The Donald delivers a potentially fatal blow to his campaign -- but he won't back down in face of GOP criticism

By Sophia Tesfaye

Senior Politics Editor

Published July 20, 2015 1:55PM (EDT)

Donald Trump                      (Reuters/Brendan Mcdermid)
Donald Trump (Reuters/Brendan Mcdermid)

August 4 is the cutoff date for invitations to the first Republican debate, which will be August 6 and will feature the top 10 GOP candidates according to an average of the five national polls conducted closest to the cutoff date. Donald Trump is number one in the last two national polls, all but guaranteeing that the inflammatory showman will be on stage, even after a rough weekend.

Here are the latest developments in The Trump Show:

Trump won't back down on McCain attack 

A "dummy" who is only "a war hero because he was captured." That is how Trump described Senator John McCain after he blasted Trump supporters as "crazies." Now that Trump may have finally crossed the GOP line of proper decorum, insulting a former POW, the real-estate mogul still refuses to apologize, holding steady to his persona as a brash straight shooter.

Trump's fellow Republican primary opponents came out swiftly to condemned his remarks. Rick Perry, Trump's most vocal GOP rival, called him "unfit" to be Commander-in-Chief, saying he "should immediately withdraw from the race for President," while Gov. Scott Walker said that "at a minimum, he needs to apologize." The Republican National Committee, whose head Reince Priebus was reportedly too polite to reprimand Trump's comments classifying Mexican immigrants as criminal and rapists last week, said of Trump's insult of McCain, "there is no place in our party or our country for comments that disparage those who have served honorably."

But at a testy press conference after his comments to the Iowa Family Leadership Summit on Saturday, Trump began a most unconvincing walk back before settling back on his original assessment of McCain's war record: "I am not blaming John McCain for his capture. If he gets captured, he gets captured ... I like the people who don’t get captured and I respect the people who do get captured.” And Trump told ABC's This Week, that he had absolutely no plans to apologize to McCain, claiming the controversy surrounding his comments were ginned up by his GOP rivals:

No, not at all. Actually, if you look at Sharyl Attkisson’s report last night, four times she said I said perfectly, I said whatever it was, and it was absolutely fine. And she thought the press was covering me very -- very, very unfairly. And she stated that strongly. And I respect her as a reporter. And somebody that a lot of other people respect.

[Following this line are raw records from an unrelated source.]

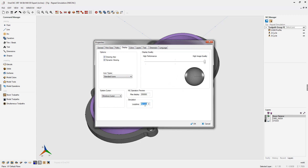When you click on Loop Time, there are going to be five options: No Loop, one second, five seconds, ten seconds, and thirty seconds. If we set this to five seconds, that means OneCNC will simulate the toolpath, wait five seconds, and then repeat the simulation over again.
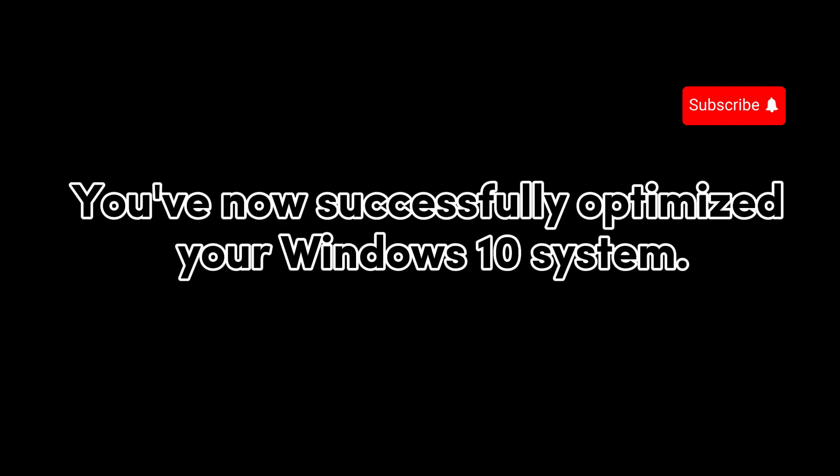Restart your system. After making these changes, restart your system to experience the improvements in speed and performance. Don't forget to subscribe and hit the notification bell for more tech tutorials like this one. See you in the next video.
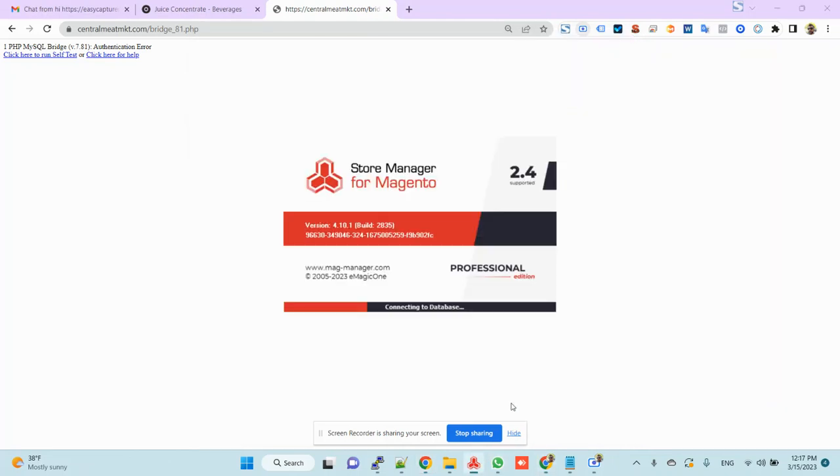Okay, let me open the software, Store Manager.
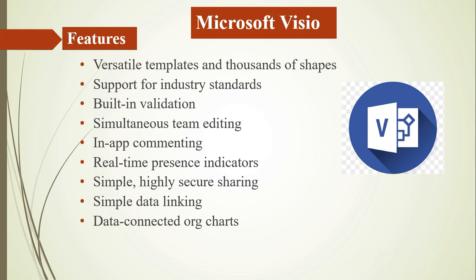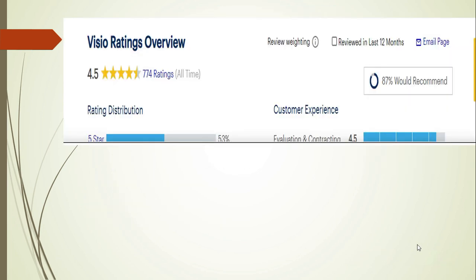Microsoft Visio is the easiest tool I have worked with, and it is the fastest for completing diagrams. We can see many tutorials related to Microsoft Visio in later videos. The Google rating for Microsoft Visio is about 4.5, and many users enjoy it because it is very user-friendly.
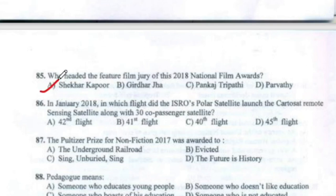Question 86: In January 2018, in which flight did ISRO's Polar Satellite Launch Vehicle launch the Cartosat remote sensing satellite along with 30 co-passenger satellites? The answer is the 42nd flight.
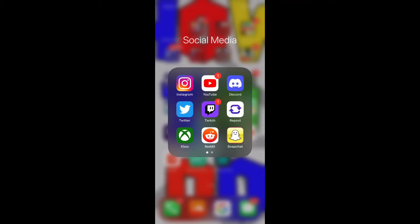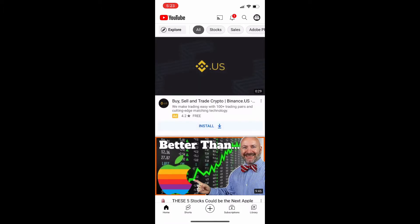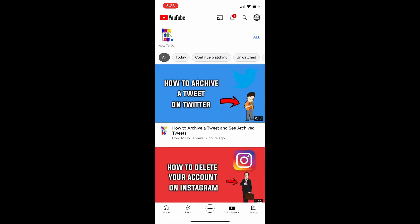What's up YouTube? Today I'm going to show you how to turn on post notifications for your favorite YouTube channel inside the YouTube mobile app. So once you have the app opened, you're just going to go to the profile that you want to turn post notifications on for.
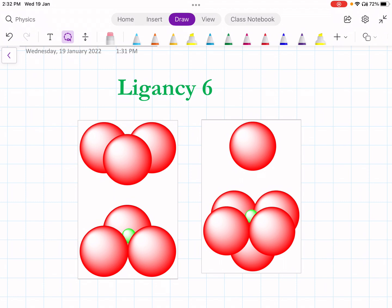In this lecture I am going to explain ligancy 6 and ligancy 8. We will find the critical radius ratio for ligancy 6 and the critical radius ratio for ligancy 8.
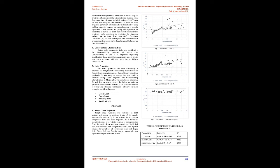Correlation coefficient, R², and root mean square error were used as an evaluation criterion in order to check the calculated empirical correlation equation. Compressibility Characteristics: In this study, compression index was considered as the compressibility parameter of marine clay. Compressibility of soil is an important engineering consideration. Compressibility parameters are used to predict how much settlement will take place due to different structural loads.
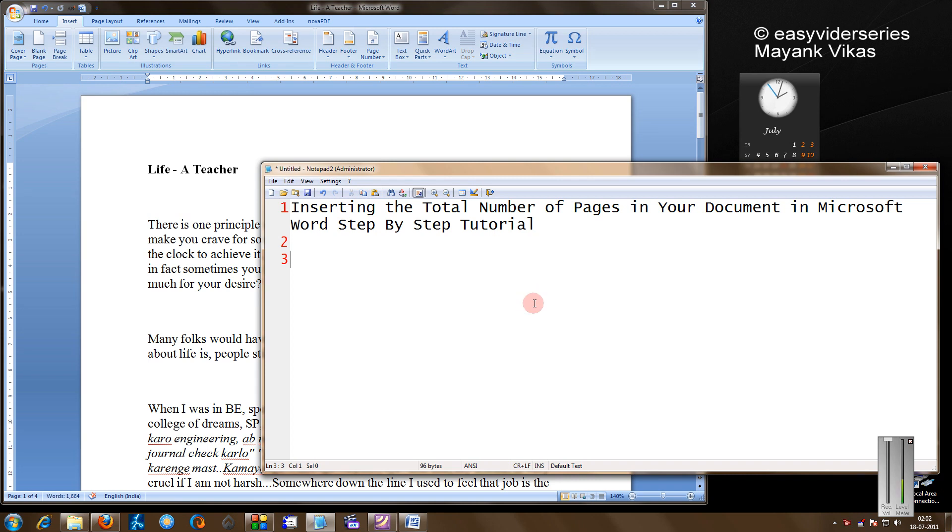Hello friends, in this tutorial I am going to show you how to insert the total number of pages in your document in Microsoft Word, a step by step tutorial.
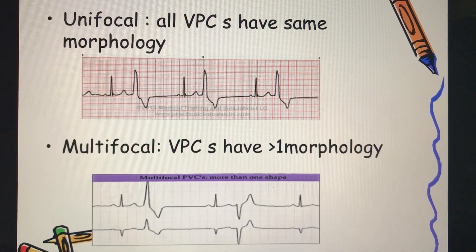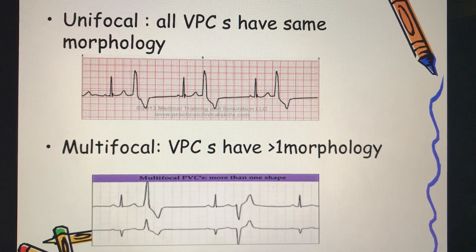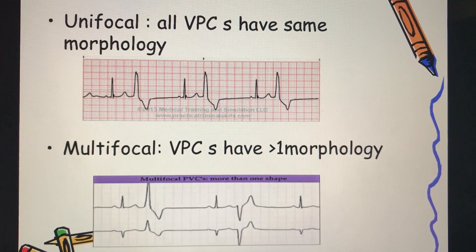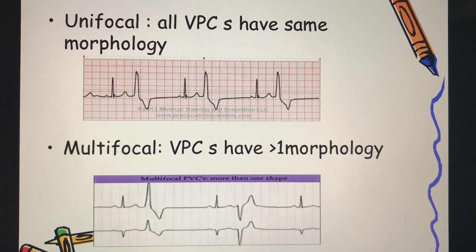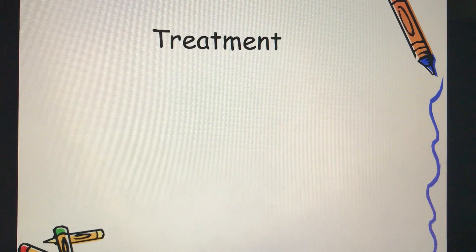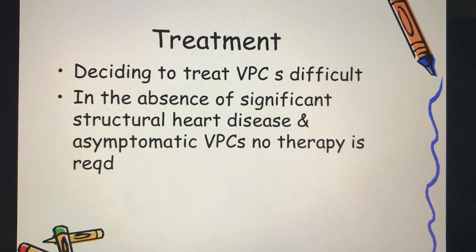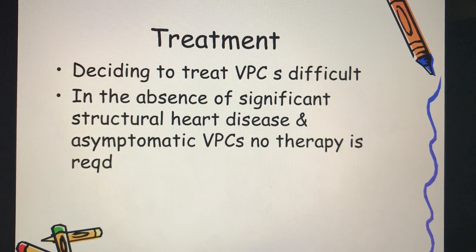VPCs can also be classified as unifocal or multifocal. Unifocal VPCs have the same morphology because they all originate from a common source or common focus. Multifocal VPCs have more than one morphology because they originate from more than one focus.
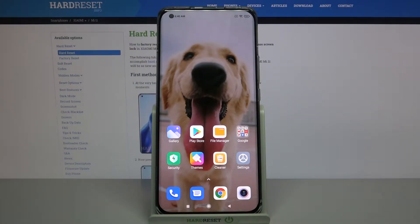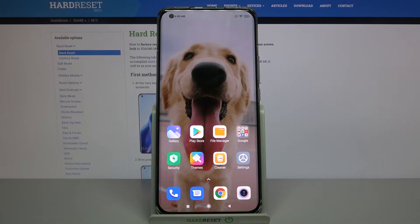Hi, in front of me is Xiaomi Mi 11 and today I would like to show you how you can download and apply iOS launcher on this device.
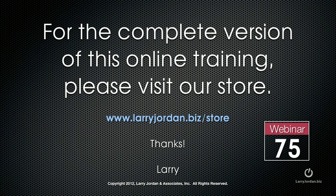This has been an excerpt of a recent Power Up webinar on video compression using Adobe Media Encoder CS6. For the complete version of this online training, please visit our store at larryjordan.biz slash store and look for Webinar 75.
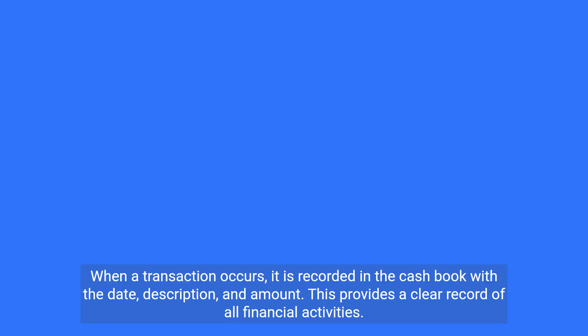When a transaction occurs, it is recorded in the cash book with the date, description, and amount. This provides a clear record of all financial activities.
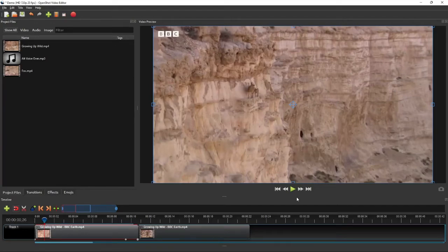Hello everyone. In this OpenShot tutorial, I'm going to show you how to add video captions and subtitles using the built-in caption tool. As an exercise, we are going to add some captions and subtitles to this video project.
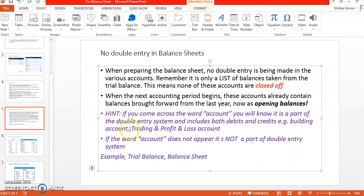Here is a useful hint. If you see the word 'account' across a document, it means a T-account — you will know it's part of the double entry system. 'Account' means T-accounts and includes both debits and credits. For example: building account, trading and profit and loss account.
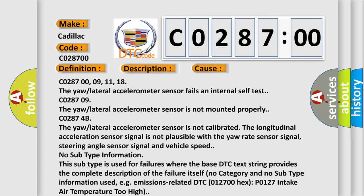CO2874B: The yaw lateral accelerometer sensor is not calibrated. The longitudinal acceleration sensor signal is not plausible with the yaw rate sensor signal, steering angle sensor signal and vehicle speed.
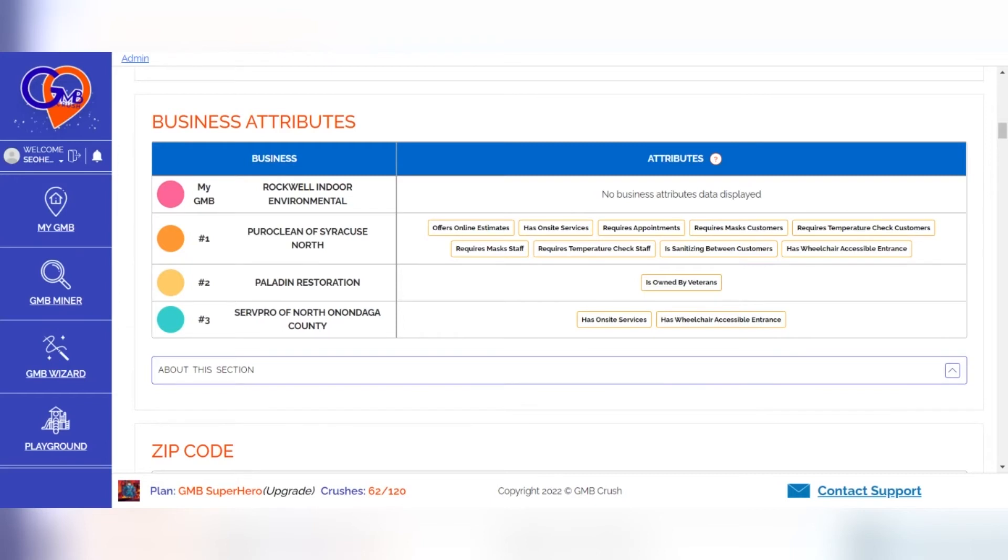All the business attributes highlighted in orange color are the business attributes missing on the My GMB you're working on. It's important to review the business needs and see if any attributes make sense with where they're located before applying any changes.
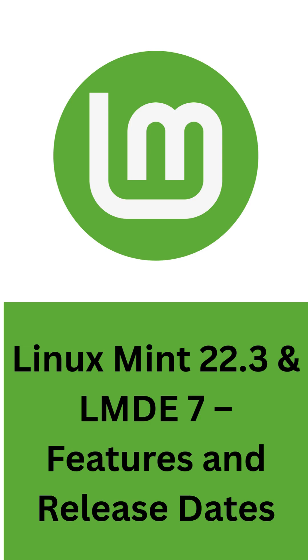LMDE 7, which is the Debian edition of Linux Mint, will be based on Debian 13 Trixie. A beta release is expected later this month.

Also and very importantly I got a standing ovation, the biggest ovation they had all weekend, by far. When I left the room, it was a total standing ovation. It was wonderful to see. Nobody was insulted.

What happened is, later on, the Republican candidates, some of whom are registering 1 percent and zero, and they’re very upset that I’m leading the polls by actually a nice margin, they’re extremely upset and they were extremely when the Nevada numbers just came out and they’re through the roof too. They started attacking me.

Trump targets Bernie Sanders

In a USA Today op-ed published Sunday evening titled "I don't need to be lectured," Trump attempted to set the record straight on his back-and-forth with McCain but just ensnarled Sen. Sanders in the mess while doubling down on his original attack on McCain. Trump attempted to contrast his record of support for veterans with McCain's and Sanders', whom he claimed had attempted to "cover up the VA scandal": (emphasis added)

Thanks to McCain and his Senate colleague Bernie Sanders, their legislation to cover up the VA scandal, in which 1,000+ veterans died waiting for medical care, made sure no one has been punished, charged, jailed, fined or held responsible. McCain has abandoned our veterans. I will fight for them.

The reality is that John McCain the politician has made America less safe, sent our brave soldiers into wrong-headed foreign adventures, covered up for President Obama with the VA scandal and has spent most of his time in the Senate pushing amnesty. He would rather protect the Iraqi border than Arizona’s.

[...]

My record of veteran support is well-documented. I served as co-chairman of the New York Vietnam Veterans Memorial Commission and was responsible, with a small group, for getting it built. Toward this end, I contributed over $1 million so our warriors can be honored in New York City with a proper memorial. I also helped finance and served as the grand marshal of the 1995 Nation’s Day Parade, which honored over 25,000 veterans.  It was one of the biggest parades in the history of New York City, and I was very proud to have made it possible.

Trump's own military service 

The Washington Post took a look at "what Donald Trump was up to while John McCain was a prisoner of war":

It was the spring of 1968 and Donald Trump had it good.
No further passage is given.